Rozstanie to współczesna wersja Niewinnych czarodziei. Dwójka młodych nieznajomych singli spędza ze sobą noc. Dla Sandry to był jednorazowy wyskok, jednak Mateusz czuje się dotknięty stwierdzeniem dziewczyny – dla niego ta noc znaczyła dużo więcej. Z kolei Sandra uważa, iż ma prawo go zranić, bo jej na to pozwolił: przyjął reguły gry, którymi rządzi się romans.

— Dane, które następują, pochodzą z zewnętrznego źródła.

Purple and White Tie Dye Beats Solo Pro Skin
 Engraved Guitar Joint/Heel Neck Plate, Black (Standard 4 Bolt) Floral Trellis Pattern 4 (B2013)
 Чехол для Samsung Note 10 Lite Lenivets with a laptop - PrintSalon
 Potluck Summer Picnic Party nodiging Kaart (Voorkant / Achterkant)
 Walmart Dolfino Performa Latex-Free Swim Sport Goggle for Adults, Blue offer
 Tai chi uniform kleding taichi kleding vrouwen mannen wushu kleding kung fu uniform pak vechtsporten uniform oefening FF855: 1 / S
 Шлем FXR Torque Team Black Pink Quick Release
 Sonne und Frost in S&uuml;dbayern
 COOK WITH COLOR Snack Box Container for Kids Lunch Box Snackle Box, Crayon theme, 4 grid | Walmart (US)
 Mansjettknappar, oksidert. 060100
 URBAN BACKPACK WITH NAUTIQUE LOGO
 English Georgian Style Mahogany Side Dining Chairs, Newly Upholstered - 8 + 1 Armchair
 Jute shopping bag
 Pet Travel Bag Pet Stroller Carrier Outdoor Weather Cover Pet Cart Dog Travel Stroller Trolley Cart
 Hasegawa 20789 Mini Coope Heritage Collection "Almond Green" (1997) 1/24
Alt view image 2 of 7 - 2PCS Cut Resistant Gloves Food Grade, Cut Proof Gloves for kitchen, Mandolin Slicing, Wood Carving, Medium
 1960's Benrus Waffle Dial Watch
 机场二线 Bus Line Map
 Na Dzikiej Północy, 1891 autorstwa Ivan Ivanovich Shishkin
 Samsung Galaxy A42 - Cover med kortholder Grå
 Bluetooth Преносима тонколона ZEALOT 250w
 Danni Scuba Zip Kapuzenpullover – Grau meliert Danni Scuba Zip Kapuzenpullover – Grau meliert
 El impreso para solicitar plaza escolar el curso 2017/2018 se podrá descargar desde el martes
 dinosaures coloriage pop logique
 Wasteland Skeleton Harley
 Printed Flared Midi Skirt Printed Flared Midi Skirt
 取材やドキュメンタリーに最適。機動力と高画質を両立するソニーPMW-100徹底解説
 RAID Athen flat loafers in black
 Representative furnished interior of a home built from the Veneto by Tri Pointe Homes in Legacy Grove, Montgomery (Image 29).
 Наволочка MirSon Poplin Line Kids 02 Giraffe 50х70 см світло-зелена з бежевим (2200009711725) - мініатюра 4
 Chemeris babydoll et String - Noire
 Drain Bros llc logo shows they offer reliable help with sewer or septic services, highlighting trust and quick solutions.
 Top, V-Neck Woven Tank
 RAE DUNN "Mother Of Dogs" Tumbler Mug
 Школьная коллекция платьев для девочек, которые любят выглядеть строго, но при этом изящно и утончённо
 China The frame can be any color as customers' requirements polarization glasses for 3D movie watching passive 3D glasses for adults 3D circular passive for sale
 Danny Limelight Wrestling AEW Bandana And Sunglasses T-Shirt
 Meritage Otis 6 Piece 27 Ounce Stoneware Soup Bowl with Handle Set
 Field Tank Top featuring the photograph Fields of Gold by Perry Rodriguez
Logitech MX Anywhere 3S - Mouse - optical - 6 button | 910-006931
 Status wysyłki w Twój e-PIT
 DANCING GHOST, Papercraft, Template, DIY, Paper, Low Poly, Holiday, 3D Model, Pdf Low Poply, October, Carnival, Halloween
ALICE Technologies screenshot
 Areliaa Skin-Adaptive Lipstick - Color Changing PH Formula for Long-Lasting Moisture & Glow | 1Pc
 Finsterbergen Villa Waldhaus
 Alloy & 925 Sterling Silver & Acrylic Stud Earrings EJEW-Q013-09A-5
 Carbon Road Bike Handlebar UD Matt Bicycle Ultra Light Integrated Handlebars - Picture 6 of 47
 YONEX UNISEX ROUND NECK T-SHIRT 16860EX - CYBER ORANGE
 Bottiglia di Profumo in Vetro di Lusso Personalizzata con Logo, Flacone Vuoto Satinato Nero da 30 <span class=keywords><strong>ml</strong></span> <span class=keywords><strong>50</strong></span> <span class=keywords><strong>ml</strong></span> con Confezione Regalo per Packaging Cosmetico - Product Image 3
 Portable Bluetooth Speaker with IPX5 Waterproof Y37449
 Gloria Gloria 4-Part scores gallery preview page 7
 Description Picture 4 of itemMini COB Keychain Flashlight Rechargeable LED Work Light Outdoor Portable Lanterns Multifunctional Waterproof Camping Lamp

Mężczyzna nie daje za wygraną: oznajmia Sandrze, że nie wypuści jej z mieszkania, dopóki się w nim nie zakocha. W tym świecie panuje toksyczność relacji międzyludzkich – przypadkowy seks, wykorzystywanie przemocy i przewagi nad drugim człowiekiem, by wykrzesać jakiekolwiek emocje. Nihilistyczna postawa jest szczególnie widoczna u Sandry, która bez skrepowania przyznaje się do życiowej rutyny, braku zainteresowania otaczającym światem, w tym zainteresowania kulturą wyższą. Śpiewane przez nią I can’t get no satisfaction jest hymnem wiecznie nienasyconego młodego pokolenia, poświęcającego się kolekcjonowaniu wrażeń.
Sztuka zadaje pytanie o granicę między wolnością a odpowiedzialnością w relacji miłosnej. Granicę, której linia demarkacyjna staje się coraz bardziej rozmyta i niepewna.